Pelo menos 71 famílias já relataram sintomas como coceiras na pele, agravamento de doenças respiratórias, ardência nos olhos, náuseas e desconforto constante. Esses problemas estão diretamente associados à presença de resíduos químicos e poeira gerados pelas atividades da empresa. A situação se tornou ainda mais crítica em 2 de fevereiro, quando um vazamento de sulfato de amônia e ureia afetou diretamente duas ruas do bairro, expondo a população a substâncias químicas que podem ser prejudiciais à saúde e ao meio ambiente.
Grupo Valen e Suas Atividades
É importante ressaltar que a Valen Fertilizantes não opera isoladamente; ela faz parte de um conglomerado conhecido como Grupo Valen, também chamado de Grupo Marinho & Moura, controlado pelos mesmos sócios. Esse grupo possui diversos empreendimentos no Maranhão, atuando em setores que vão desde fertilizantes até logística e combustíveis.
Entre os empreendimentos do Grupo Valen, destaca-se o Valen Shopping/Posto Valen, veiculado oficialmente como Valentina Combustíveis Ltda., considerado um dos maiores postos de combustível do Brasil. Com um grande movimento de veículos e transporte de cargas, tanto o posto quanto a unidade de fertilizantes estão localizados na mesma área da Vila Maranhão, o que acentua a concentração de atividades empresariais de alto impacto em uma região vulnerável, sem as devidas medidas de proteção para a população.
Riscos Ambientais Cumulativos
A coexistência de um empreendimento químico e um grande complexo de combustíveis sob o mesmo controle expõe os moradores da Vila Maranhão a riscos ambientais cumulativos. Essa realidade denuncia uma lógica de ocupação que prioriza o lucro em detrimento da vida, saúde e direitos dos cidadãos. O MAB e a MMM enfatizam que o ocorrido deve ser visto como um problema sistêmico, não como um acidente isolado. Trata-se de um histórico de violações de direitos, negligência ambiental e conivência governamental, agravado pela fragilidade na fiscalização e pela ausência de medidas de prevenção e emergência, transformando bairros populares em zonas de sacrifício.

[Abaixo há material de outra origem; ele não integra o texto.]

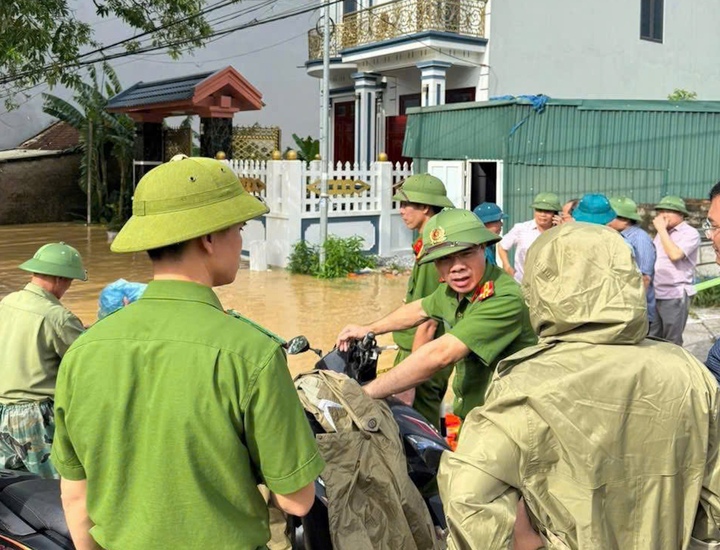 Ttừ chiều 26/8, khi nước sông Mã dâng nhanh, hơn 2.000 ngôi nhà ở phường Hàm Rồng (Thanh Hoá) bị ngập sâu. Chính quyền địa phương lập tức phát đi thông báo khẩn, huy động hàng trăm lượt cán bộ, chiến sĩ cùng nhiều xuồng cứu hộ xuyên đêm đưa người dân ra khỏi vùng nguy hiểm.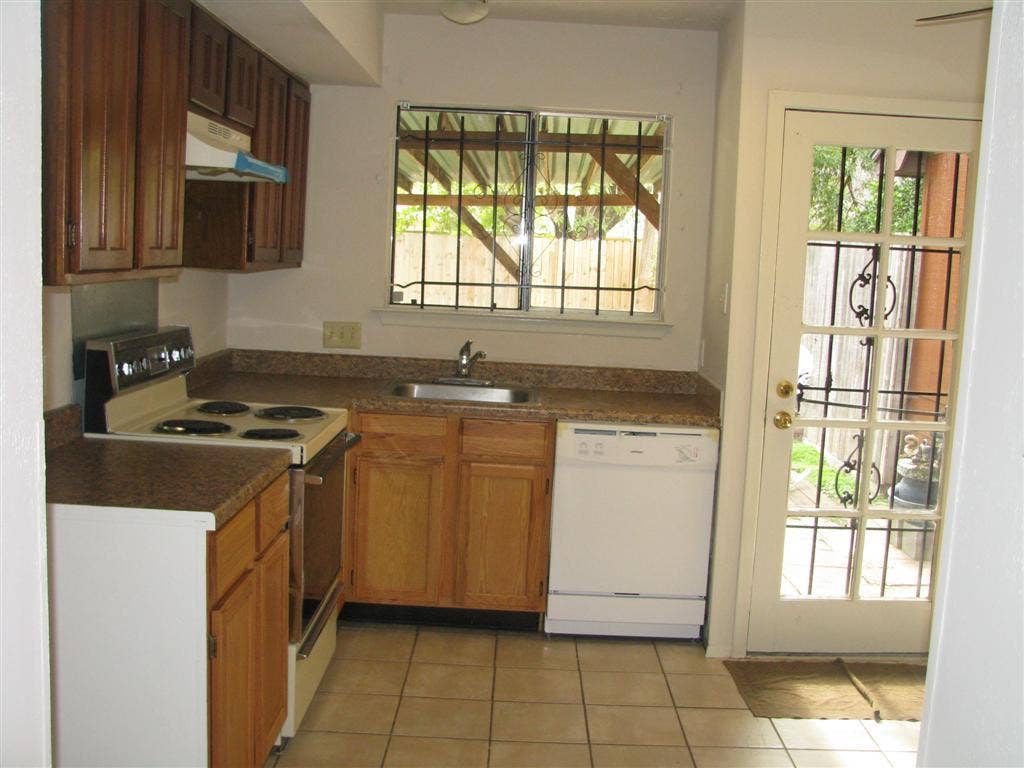 13303 Bassford Drive, Houston, TX 77083 kitchen
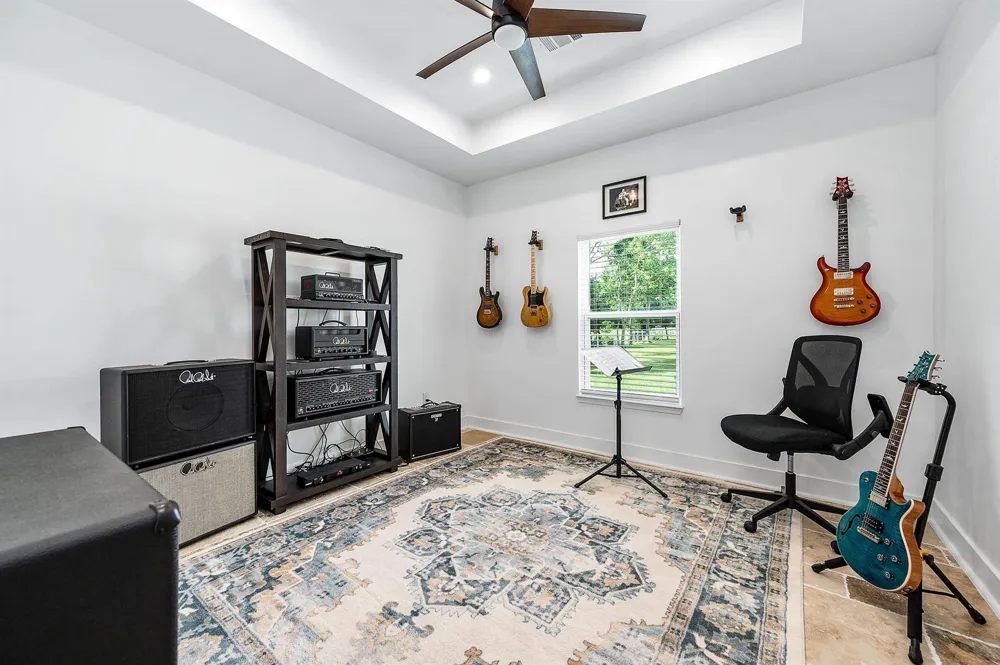 8032 Short Road Needville, TX 77461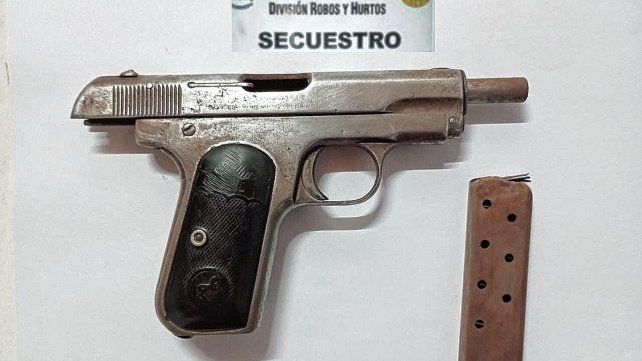 Tres detenidos por alquiler y venta de armas en Paraná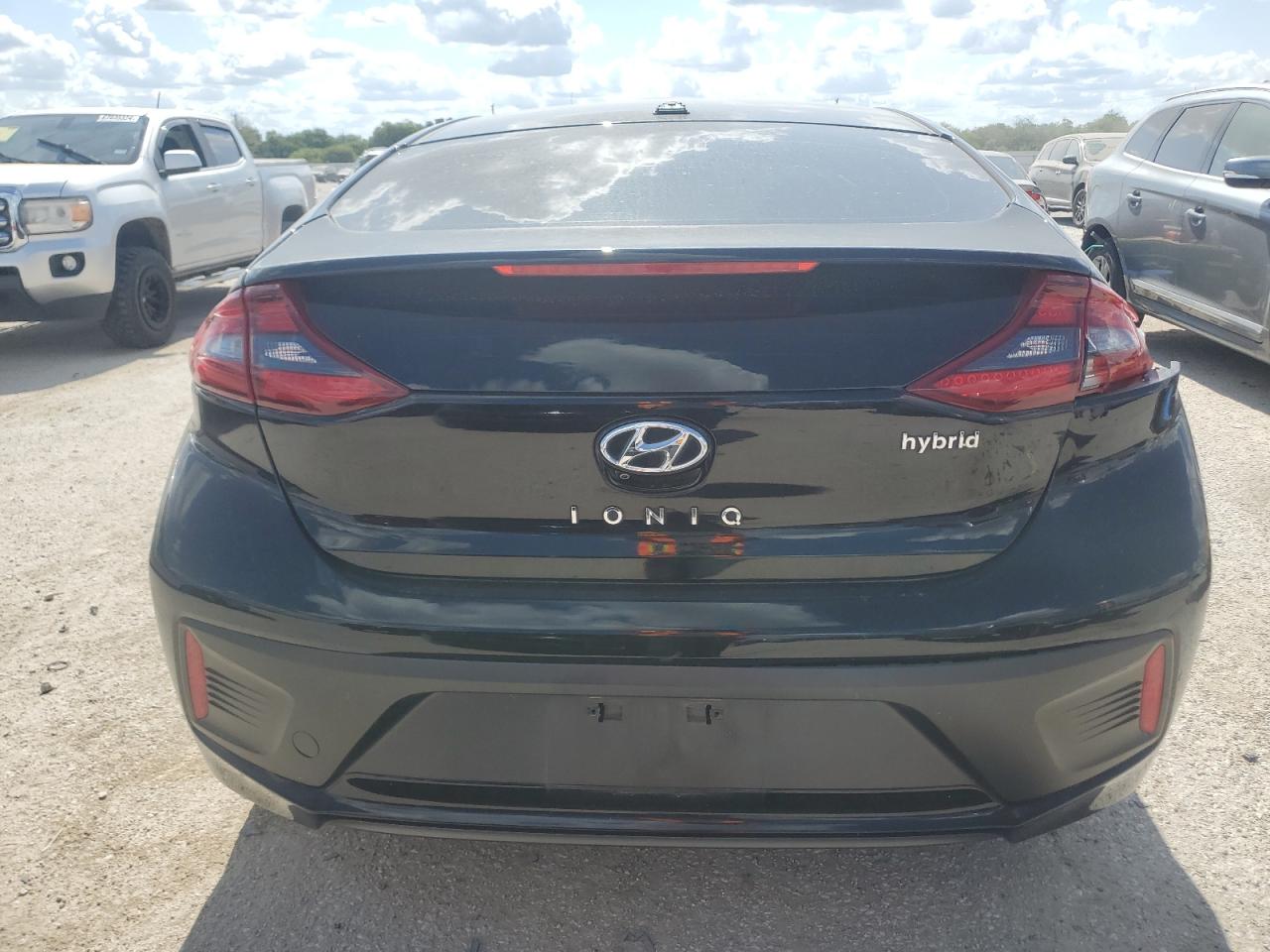 KMHC85LC9JU101956 2018 Hyundai Ioniq Limited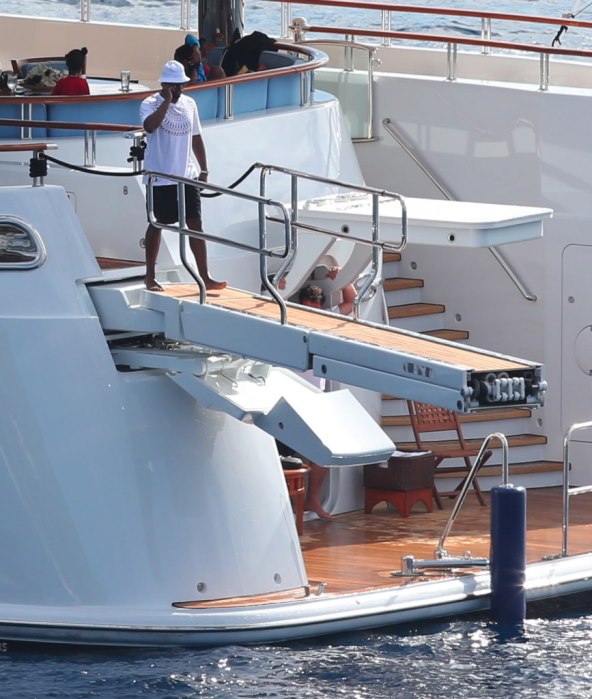 P. Diddy blagdane provodi na svojoj luksuznoj jahti 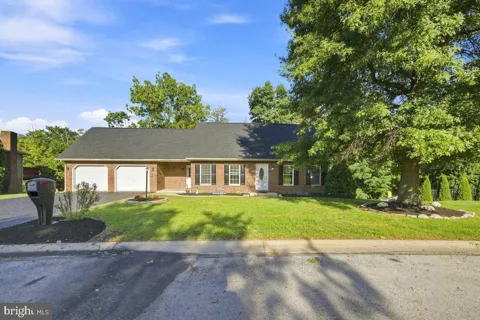 933 REDWOOD LANE
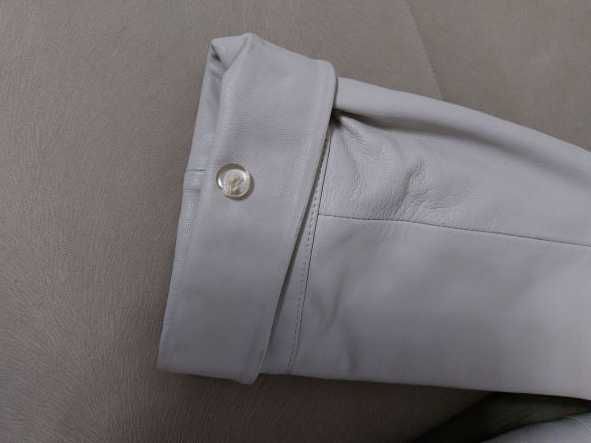 Haina dama din piele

As consequências da atuação de empresas como a Valen são devastadoras. As mulheres, em particular, enfrentam a expulsão de suas famílias, a contaminação das fontes de água e solo, além de pressões às lideranças comunitárias e tentativas de desestabilizar os modos de vida tradicionais. Essa situação retrata um caso emblemático de injustiça e racismo ambiental, em que comunidades são submetidas a danos permanentes para facilitar grandes empreendimentos que operam sem garantir a proteção da vida e do território.
Exigências do MAB e da MMM
Como resposta a essa grave situação, o MAB e a MMM apresentaram uma série de reivindicações:
- Investigação imediata e rigorosa dos fatos pelos órgãos responsáveis pela saúde e meio ambiente;
- Reconhecimento das famílias da Vila Maranhão como afetadas por atividades químicas e logísticas;
- Responsabilização da Valen Fertilizantes e Armazéns Ltda. pelos danos causados;
- Atendimento médico urgente e acompanhamento contínuo às famílias afetadas, com registro dos impactos à saúde;
- Monitoramento contínuo da qualidade do ar, solo e água na região;
- Suspensão das atividades da empresa até que sejam garantidas condições seguras de operação;
- Implementação de medidas efetivas de reparação coletiva aos danos sofridos;
- Transparência nos processos de licenciamento ambiental e nos protocolos de segurança.
O MAB e a MMM se comprometem a seguir ao lado das famílias da Vila Maranhão na luta por justiça socioambiental, denunciando a normalização do adoecimento da população em decorrência de um modelo de desenvolvimento excludente e predatório. É preciso lembrar que a vida deve ter prioridade sobre o lucro. As mulheres, a água e a energia não devem ser vistas como mercadorias!
Movimento dos Atingidos por Barragens – MAB
Marcha Mundial das Mulheres Maranhão – MMM MA
São Luís (MA), 18 de fevereiro de 2026.